SWIM/SURF

The Book of Judith: Going Goth With New Swim Collection

Brightly colored bikinis and summery swimwear are not for every woman, said Los Angeles designer Candice Cuoco, who was a “Project Runway” finalist and has a label with a reputation for making made-to-measure leather jackets and corsets.

Cuoco introduced her label’s first swim line, The Book of Judith, for the woman who does not fit into any of the standard swim looks designed by many labels.

There are a number of women who don’t want to play the ingénue and look like they are posing for a swimsuit pictorial at a beachside resort. There are others who don’t want swimwear’s sturdy, athletic looks either.

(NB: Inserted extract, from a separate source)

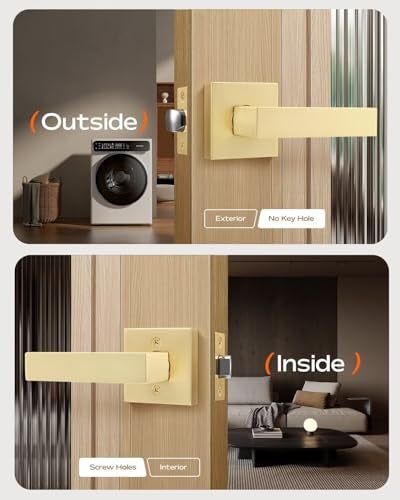 Leydebong 4 Pack Brushed Gold Passage Door Levers Door Knob Square Lever Non-Locking Lever Set Interior Keyless Door Handles Door Lock Doorknobs for Hallway Closet - Image 3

Cuoco thought her kind of woman would be interested in another aesthetic associated more with Goth nightclubs instead of swim parties.

“There’s a darker, romantic side, which my line is known for,” Cuoco said. “The images in this line tell a story in themselves. It’s about triumph through loss,” she said about persevering through adversity.

The Book of Judith was introduced last year during Miami Swim Week in Miami Beach, Fla. Since its debut, it’s been a work in progress as Cuoco introduces new pieces to the now 14-piece line. She relies on customers telling her what they like and what they’d drop from the line.

Mostly through social media, fans told her to cut string bikinis. “People don’t come to Candice Cuoco for simple. They come for the depth, the romance and the design,” she said.

The influences of Cuoco’s swim line veer sharply from swimwear’s typical obsessions with sun and good times. The line was named after the biblical heroine Judith, who liberated her people by ingratiating herself with a general from an invading army. Later, she chopped off the general’s head.

The swimwear’s prints were inspired by the blue-and-gray woodcuts of 19th-century French artist Gustave Doré, who was famous for his artwork depicting literary epic scenes from Cervantes’s “Don Quixote” and Dante’s “Inferno.”

Cuoco printed the designs on swim fabric with the Epson SureColor F-Series dye-sublimation printer.

The line’s silhouettes include triangle bikini tops. There are also bikini tops shaped like the mid-20th-century bullet bra that actress Jayne Mansfield helped popularize in the 1950s and Madonna wore during her 1990 “Blonde Ambition” world tour.

Cuoco made the bullet top her own by sewing custom stitching on the bullet bra–style tops. Another one of The Book of Judith’s pieces resembles a corset.

Retail prices for the collection, sold at candicecuoco.com/shop, range from $95 to $125.